START Supplied data

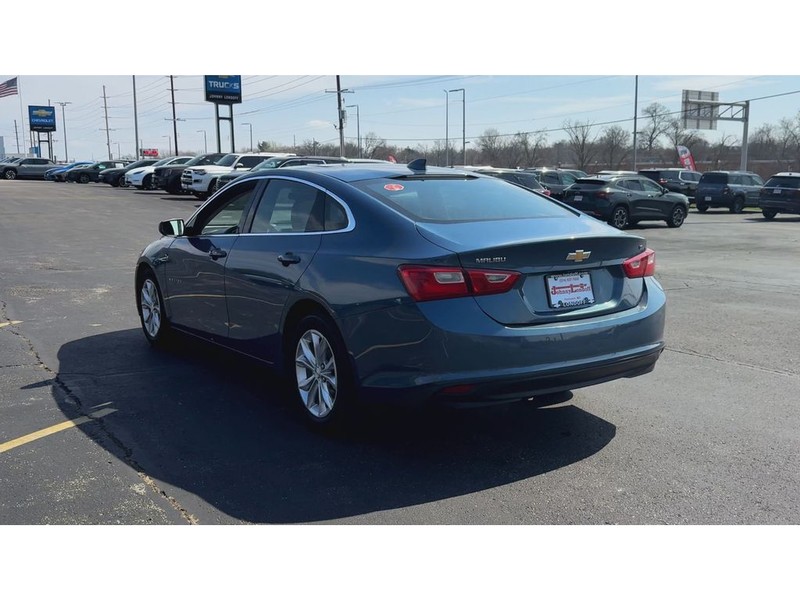 Chevrolet Malibu Vehicle Full-screen Gallery Image 06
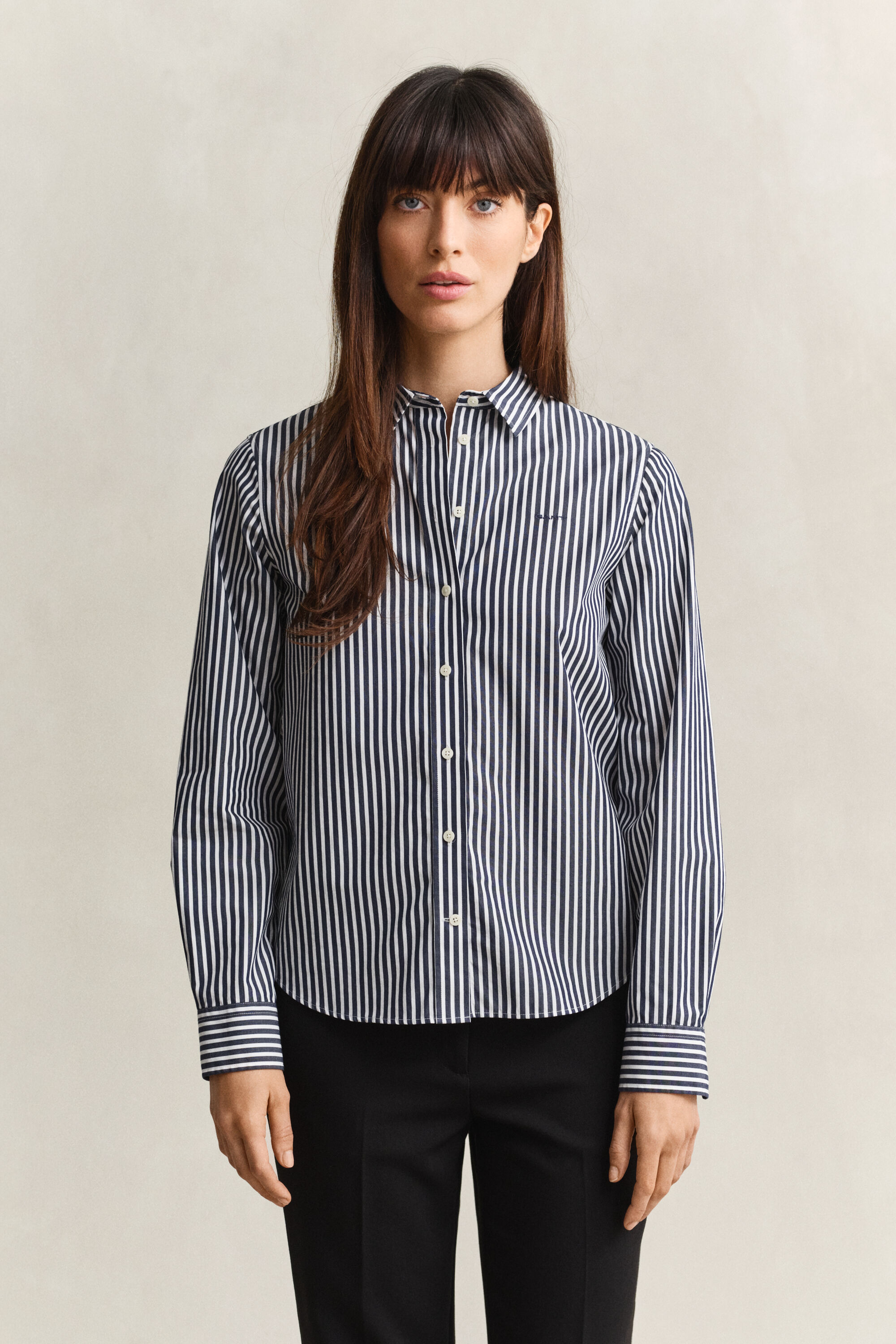 Camisa Regular Fit clásica de popelina a rayas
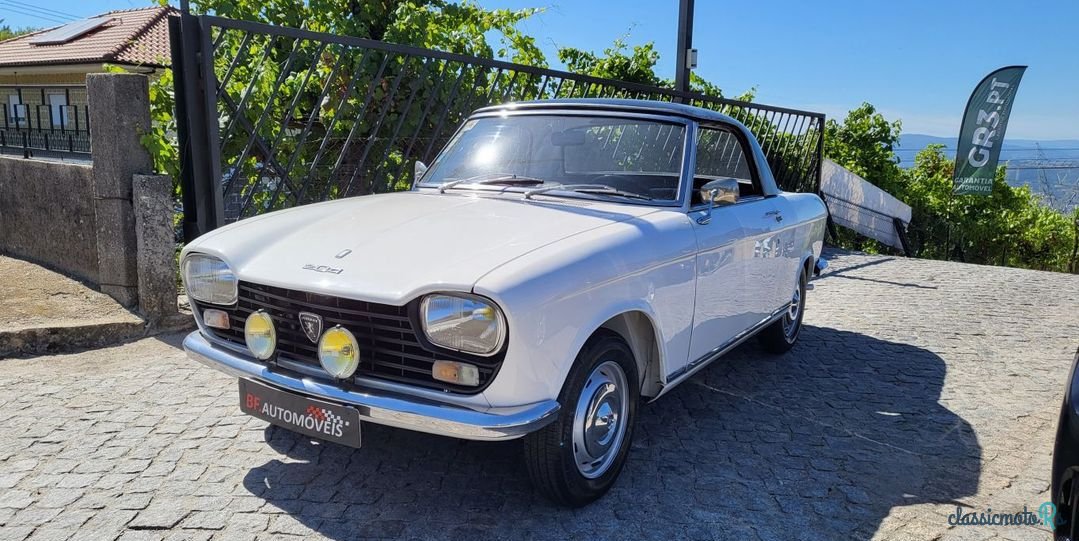 1967' Peugeot 204 photo #2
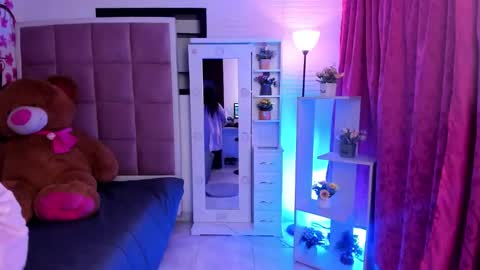 Snapshot of liany_taylor chatting on 02/22/26, 02:56 liany_taylor online show from 02/22/26, 02:56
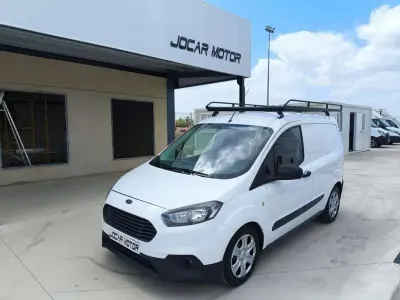 Usado Ford Transit Trend 102 CV (75 kW) 2021 Blanco Van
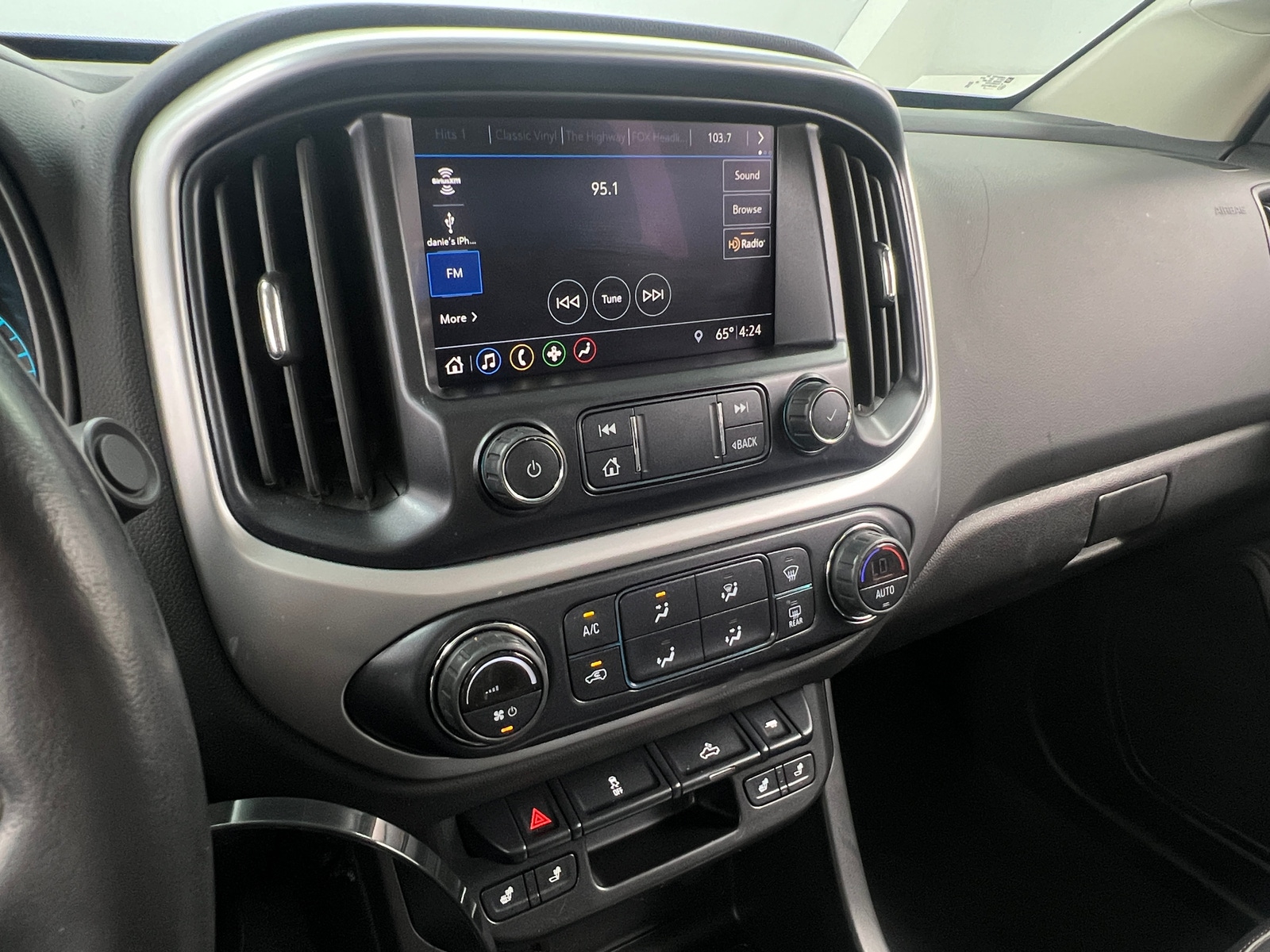 Thumbnail: 2020 Chevrolet Colorado - 3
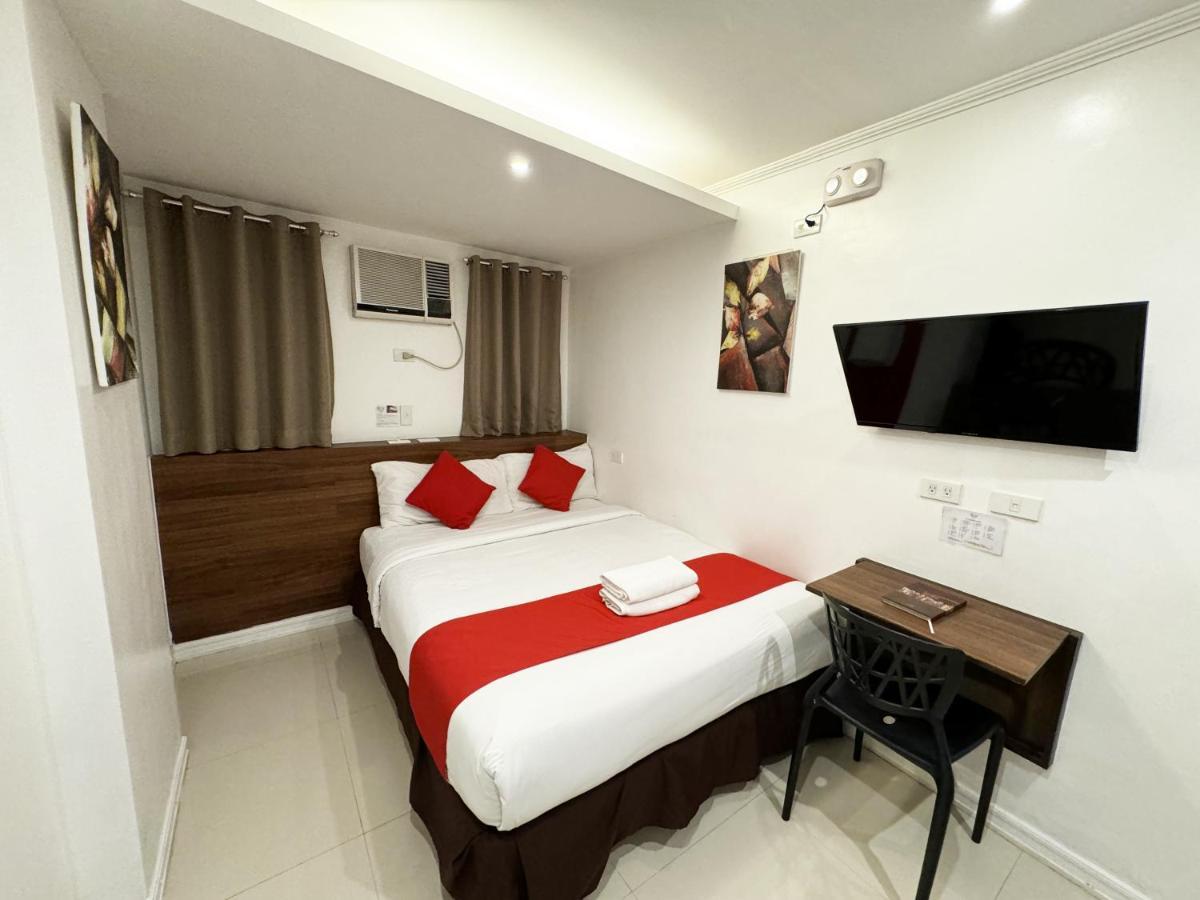 Nest Fort Bgc Макати Экстерьер фото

END Supplied data

Required work –
The whole listing should be printed again exactly as written, images excluded.

Worked solution –
 Chevrolet Malibu Vehicle Full-screen Gallery Image 06
 Camisa Regular Fit clásica de popelina a rayas
 1967' Peugeot 204 photo #2
 Snapshot of liany_taylor chatting on 02/22/26, 02:56 liany_taylor online show from 02/22/26, 02:56
 Usado Ford Transit Trend 102 CV (75 kW) 2021 Blanco Van
 Thumbnail: 2020 Chevrolet Colorado - 3
 Nest Fort Bgc Макати Экстерьер фото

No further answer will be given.